May 17, 2019

Practice

Today we check homework

We will go one by one

Do not focus on the answer

Focus on how to get to the answer

Ask all your questions today

Summary of last part

There is population and samples

Do not confuse them

Identify them

Populations

Big. Sometimes theoretical

They have mean, variance and standard deviation

mean(population)
var(population)
sd(population)

Variance and Standard Deviation

Variance is the square of standard deviation

var(population) == sd(population)^2

Standard deviation is the square root of variance

sd(population) == sqrt(var(population))

What variance tells us about outcomes

An outcome is a random element of the population

Any outcome will be similar to the population mean

How similar? It depends on the population variance

Outcome versus population mean

The distance between outcome and population mean depends on the confidence level

outcome will probably be between mean(pop)±k*sd(pop)

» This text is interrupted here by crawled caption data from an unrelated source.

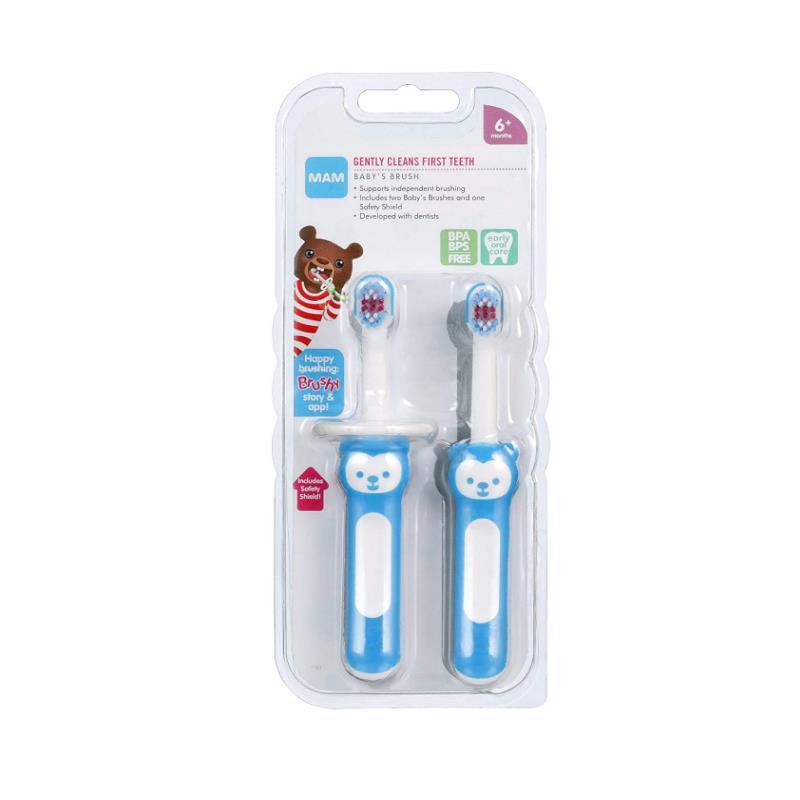 MAM 2-Pack 6+ Months Baby Toothbrush - Blue Image 2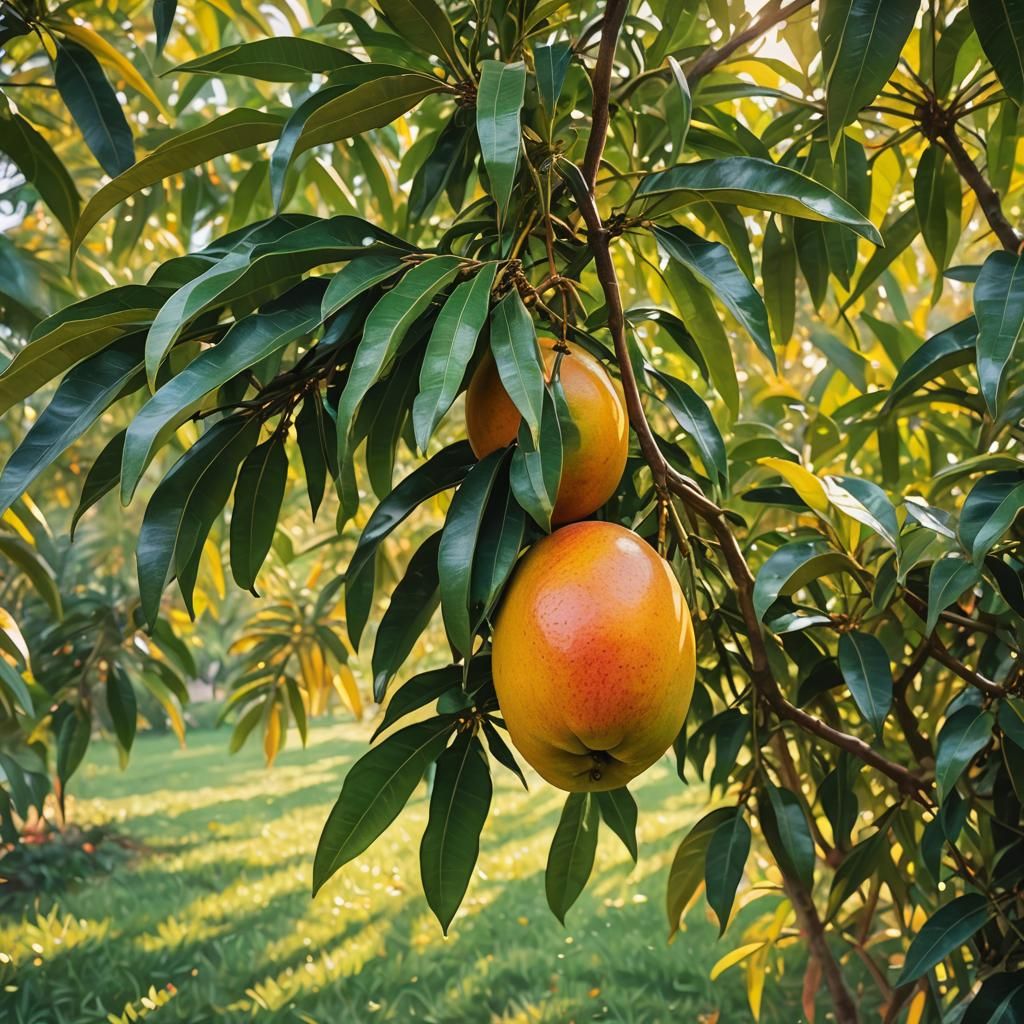 Mango in Sunlight: An Impressionistic Close-Up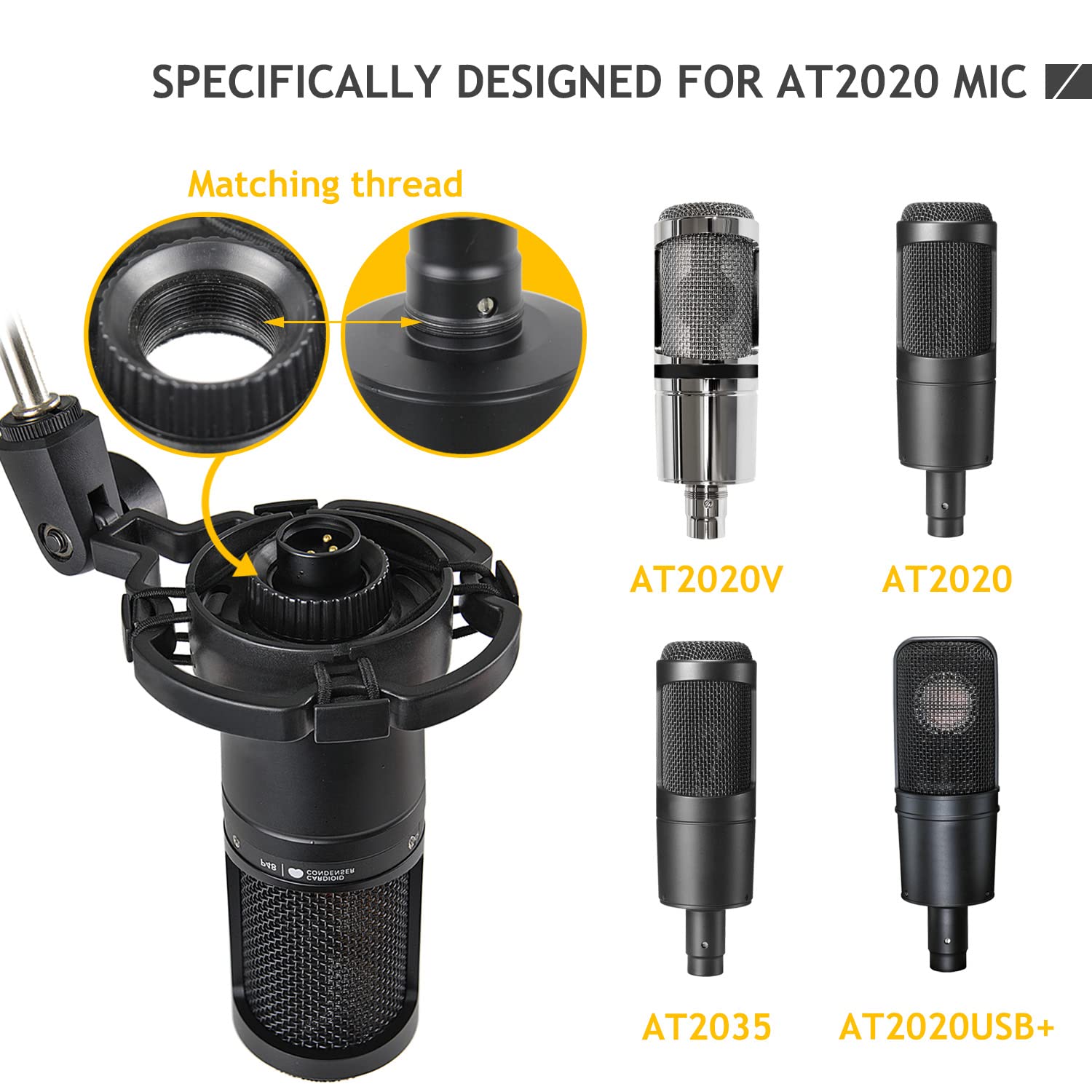 Frgyee Microphone Stand with Shock Mount and Foam Windscreen, Mic Boom Arm with Upgraded Heavy Duty Clamp for Audio Technica AT2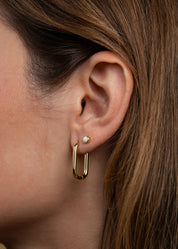 White Opal Simple Stud Earrings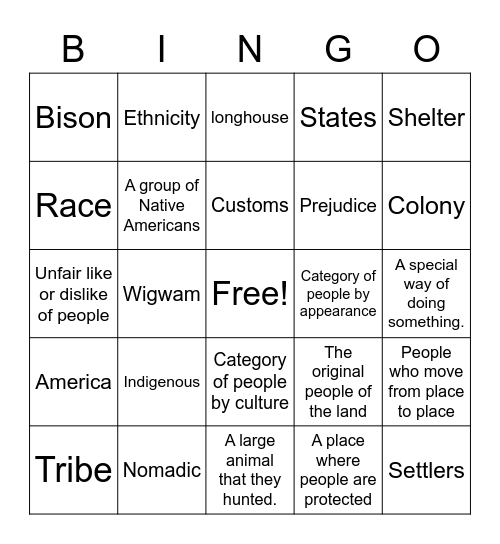 Native American Studies Vocabulary Bingo Card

\[\langle X\rangle - k\,\mathbb{S}(X)\leq\text{outcome}\leq\langle X\rangle + k\,\mathbb{S}(X)\]

The key idea is: different k have different probability

If the population has Normal distribution

(This is not always true)

When the population is Normal, then

k Probability
2 ≈ 95%
3 ≈ 99%
qnorm(1-alpha/2) 1-alpha

Choose your own alpha

If the population other distribution

(Chebyshev always works)

k Probability
2 1-1/22 = 75%
3 1-1/32 = 88.9%
10 1-1/102 = 99.9%
k 1-1/k2

Sample

A sample is a group of outcomes

It has size, mean, variance, and standard deviation

length(sample)
mean(sample)
var(sample)
sd(sample)

Sample Mean

Each sample is different (random)

Each sample mean is random

If the sample size is large, then sample mean has Normal distribution

Sample Mean Normal parameters

If sample mean has Normal distribution, we need to know it parameters

The average of sample mean is the population mean

The standard deviation of sample mean is population standard deviation divided by the square root of sample length

The variance of sample mean is population variance divided by sample length

Predicting Sample Mean

sample mean will probably be between mean(pop)±k*sd(pop)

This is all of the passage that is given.